Work to complete: Go through the records below and set each one down exactly, leaving out any pictures.

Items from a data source
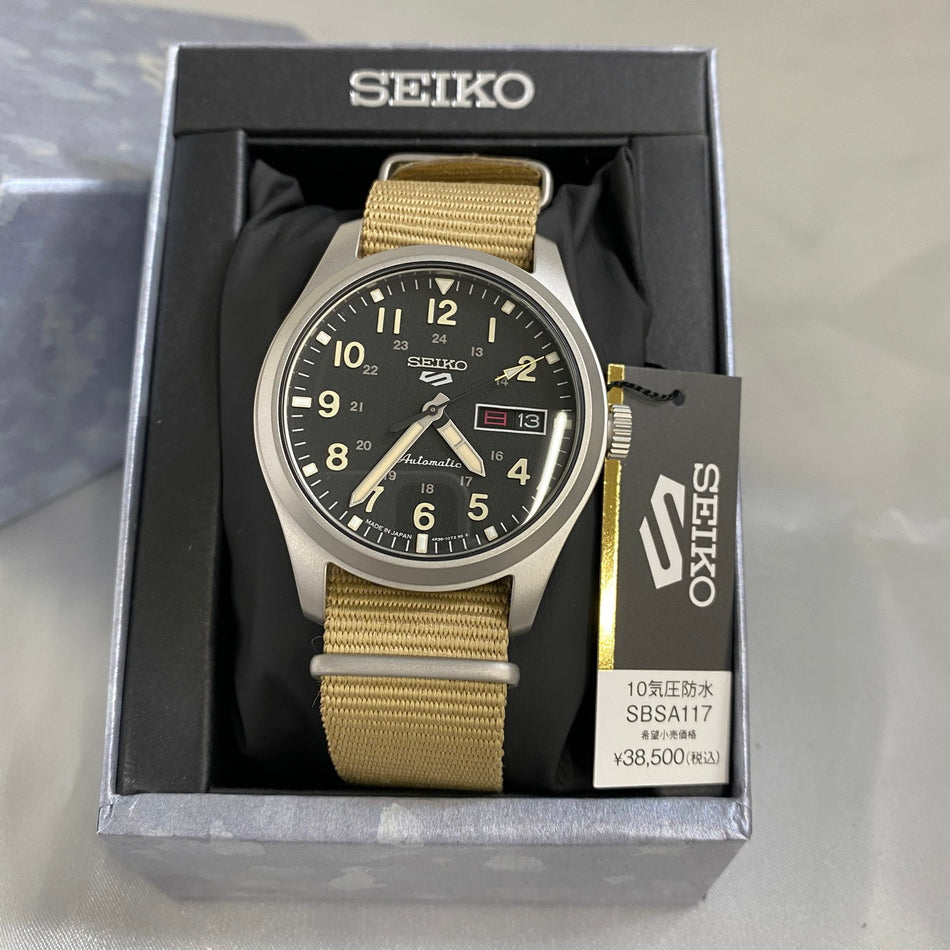 SEIKO SBSA117 Wrist watch 5 SPORTS STYLE FIELD Automatic Black SS Men Unused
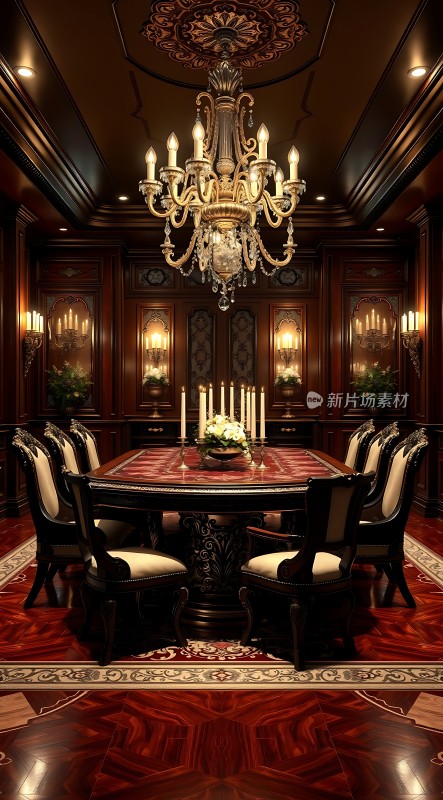 豪华餐厅红木餐桌椅精美吊灯温馨氛围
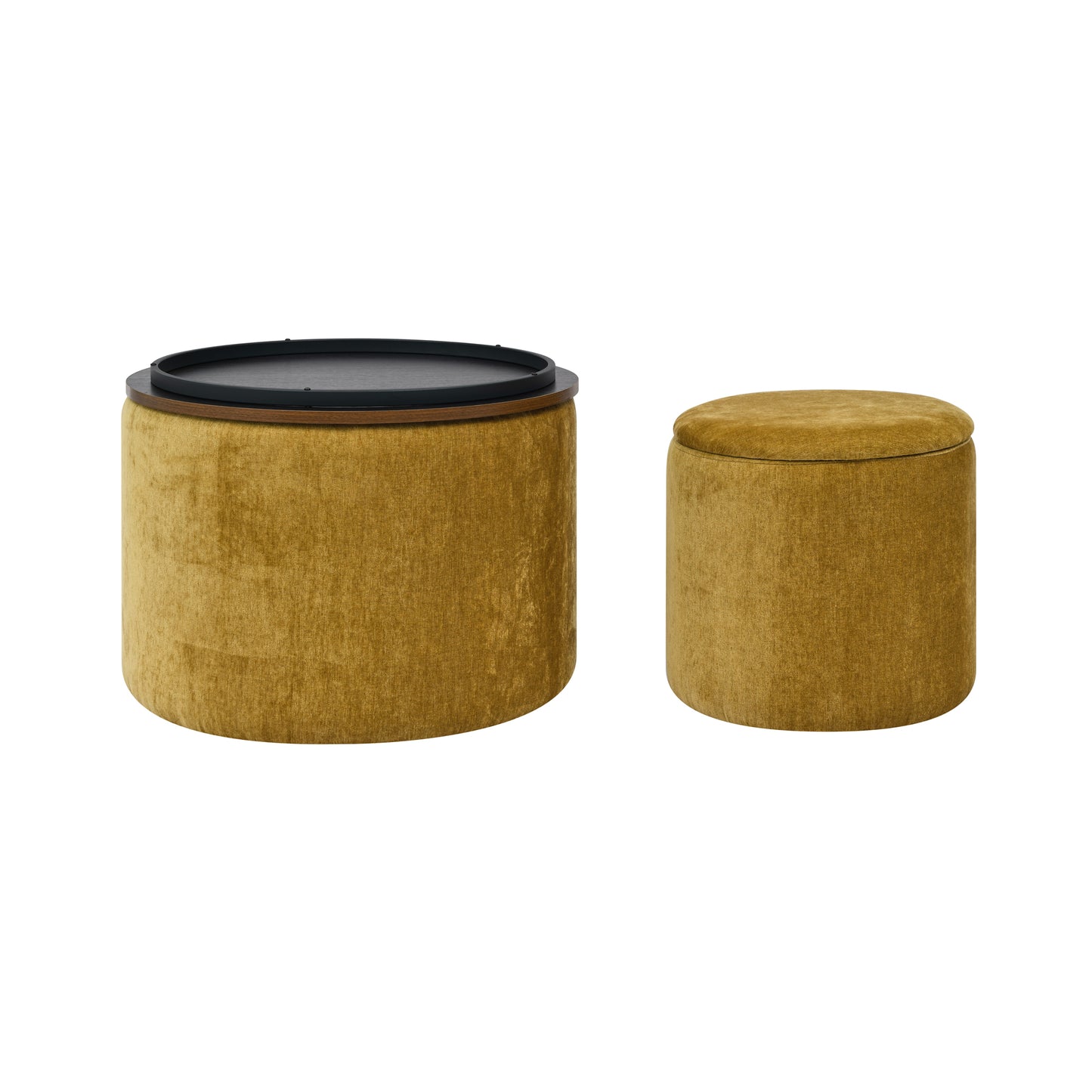 Round velvet ottoman with a dark wood tray top in mustard yellow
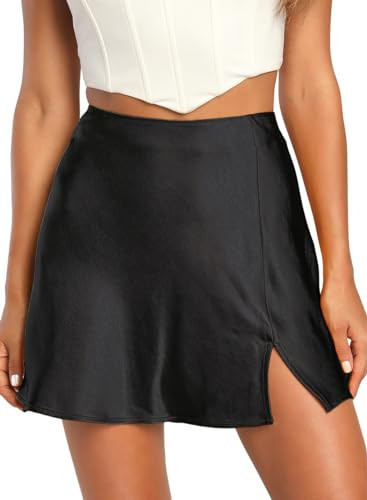 Womens High Waisted Satin Mini Skirts A Line Elastic Waistband Going Out Mini Silk Skirts with Slit Black Small | Amazon (US)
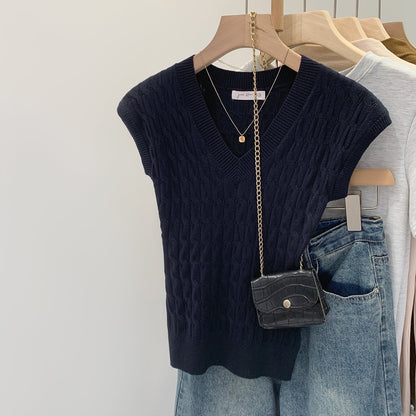 Comfortable Womens Cable Knit Vest - EasyApparels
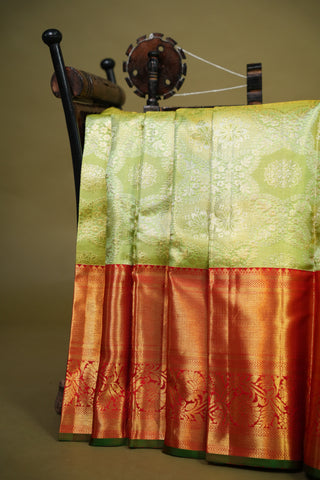 KANCHIPURAM PURE SILK TISSUE BROCADE BRIDAL SAREE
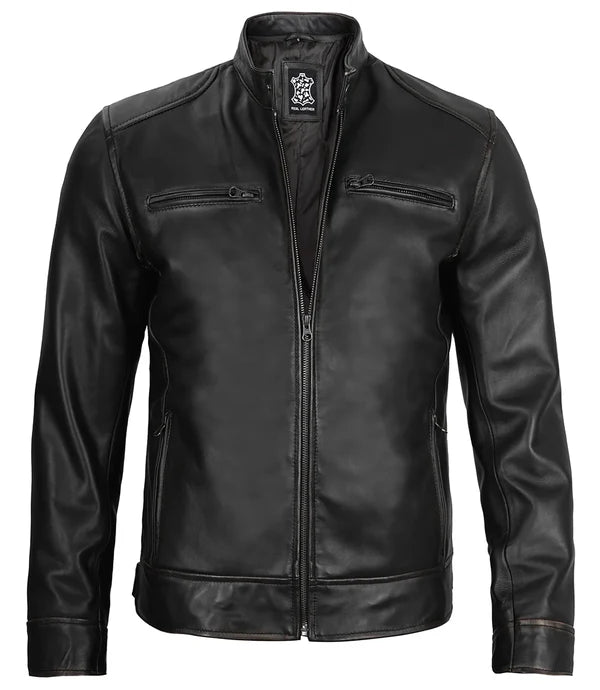Dodge Men's Black Cafe Racer Leather Jacket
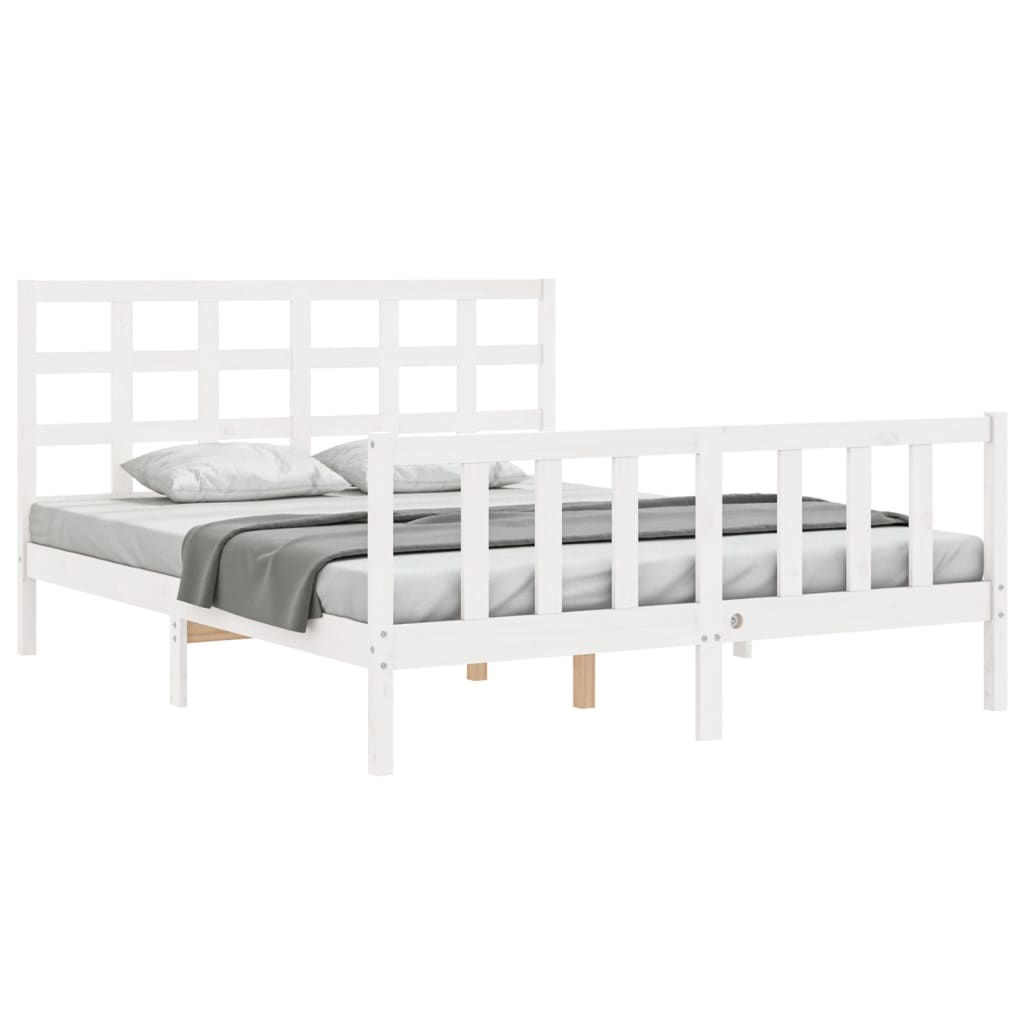 vidaXL Bed Frame with Headboard White 160x200 cm Solid Wood - Sudd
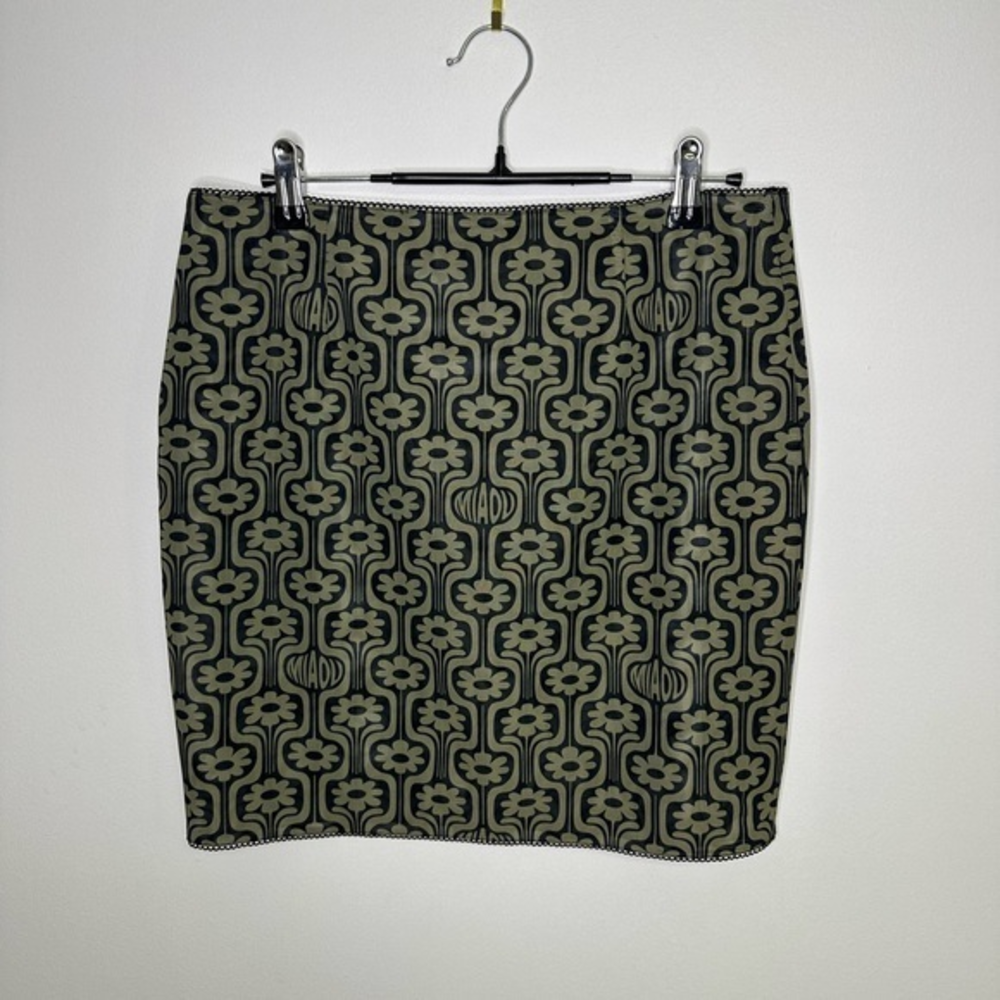 Miaou Olive and Black Geometric Mini Skirt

Written answer:
 SEIKO SBSA117 Wrist watch 5 SPORTS STYLE FIELD Automatic Black SS Men Unused
 豪华餐厅红木餐桌椅精美吊灯温馨氛围
 Round velvet ottoman with a dark wood tray top in mustard yellow
 Womens High Waisted Satin Mini Skirts A Line Elastic Waistband Going Out Mini Silk Skirts with Slit Black Small | Amazon (US)
 Comfortable Womens Cable Knit Vest - EasyApparels
 KANCHIPURAM PURE SILK TISSUE BROCADE BRIDAL SAREE
Dodge Men's Black Cafe Racer Leather Jacket
 vidaXL Bed Frame with Headboard White 160x200 cm Solid Wood - Sudd
 Miaou Olive and Black Geometric Mini Skirt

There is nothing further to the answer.